--- ABOUT THIS TASK ---
Starting at the line with "molecular formula C20H20ClN3O2S" and ending at the line with "Outsunny Set de", print exactly the lines of the entries below. Pictures do not belong in the copy.
== Segment start ==
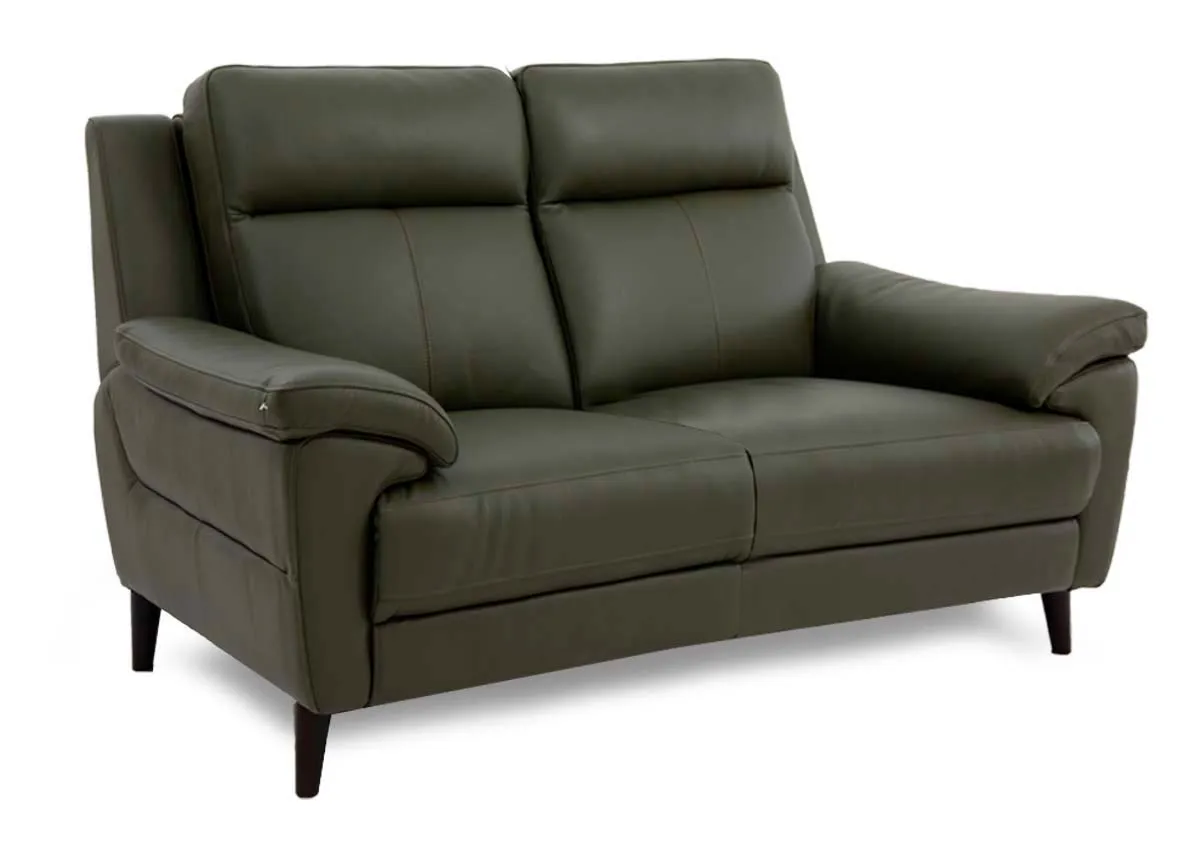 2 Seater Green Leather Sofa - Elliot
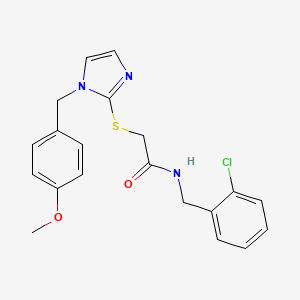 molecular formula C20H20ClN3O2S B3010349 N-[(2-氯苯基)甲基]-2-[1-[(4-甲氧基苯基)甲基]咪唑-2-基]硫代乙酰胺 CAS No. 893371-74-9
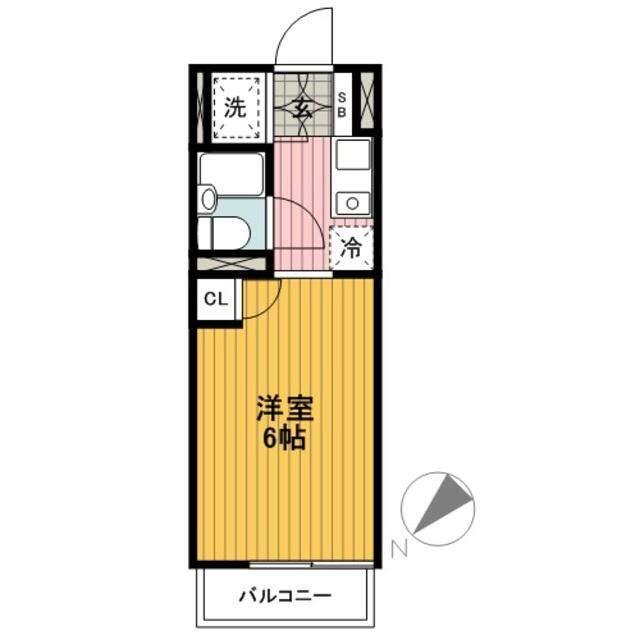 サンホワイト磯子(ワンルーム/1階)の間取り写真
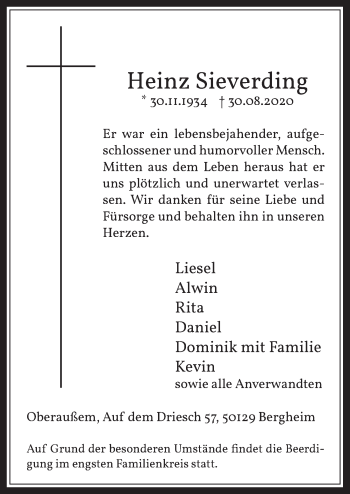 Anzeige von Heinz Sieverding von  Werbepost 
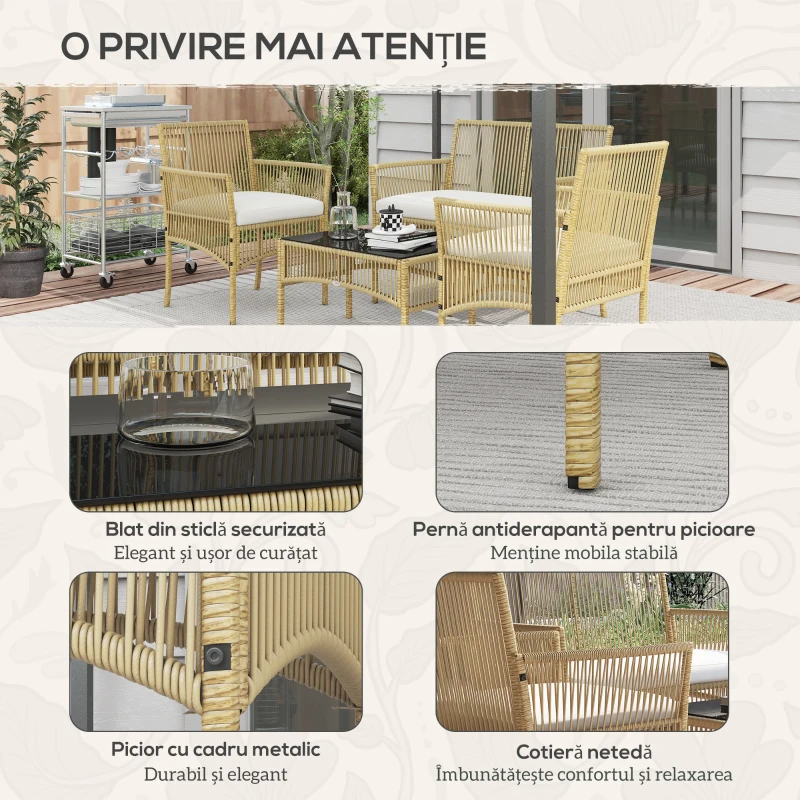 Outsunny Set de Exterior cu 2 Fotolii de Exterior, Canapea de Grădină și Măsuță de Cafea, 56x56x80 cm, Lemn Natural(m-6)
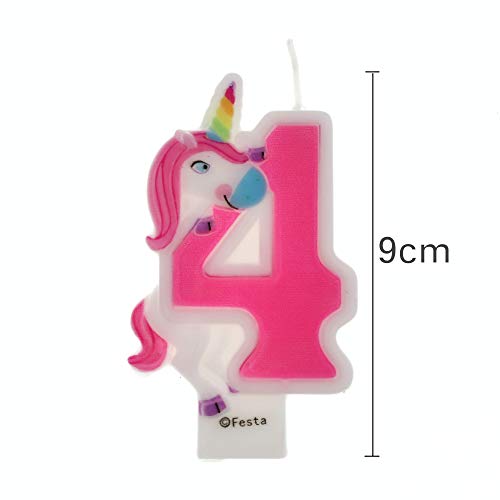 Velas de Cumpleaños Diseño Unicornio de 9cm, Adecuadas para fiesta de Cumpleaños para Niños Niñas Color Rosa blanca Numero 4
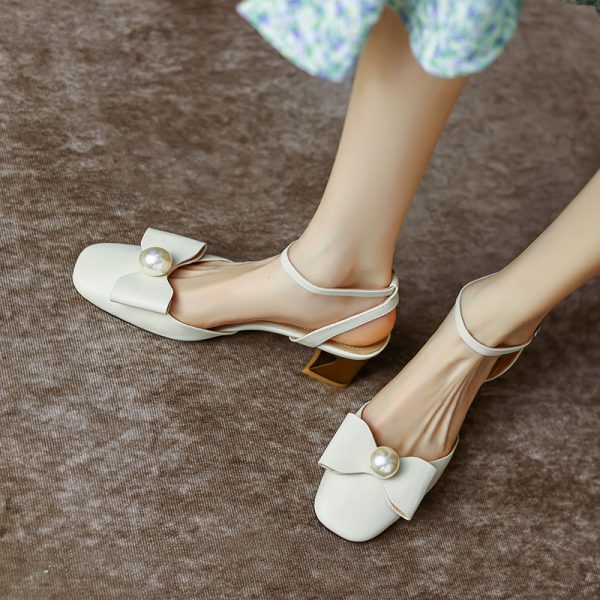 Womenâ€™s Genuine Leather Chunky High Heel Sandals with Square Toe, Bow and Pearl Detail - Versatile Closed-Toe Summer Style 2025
== Segment end ==
--- RESULT ---
 molecular formula C20H20ClN3O2S B3010349 N-[(2-氯苯基)甲基]-2-[1-[(4-甲氧基苯基)甲基]咪唑-2-基]硫代乙酰胺 CAS No. 893371-74-9
 サンホワイト磯子(ワンルーム/1階)の間取り写真
 Anzeige von Heinz Sieverding von  Werbepost 
 Outsunny Set de Exterior cu 2 Fotolii de Exterior, Canapea de Grădină și Măsuță de Cafea, 56x56x80 cm, Lemn Natural(m-6)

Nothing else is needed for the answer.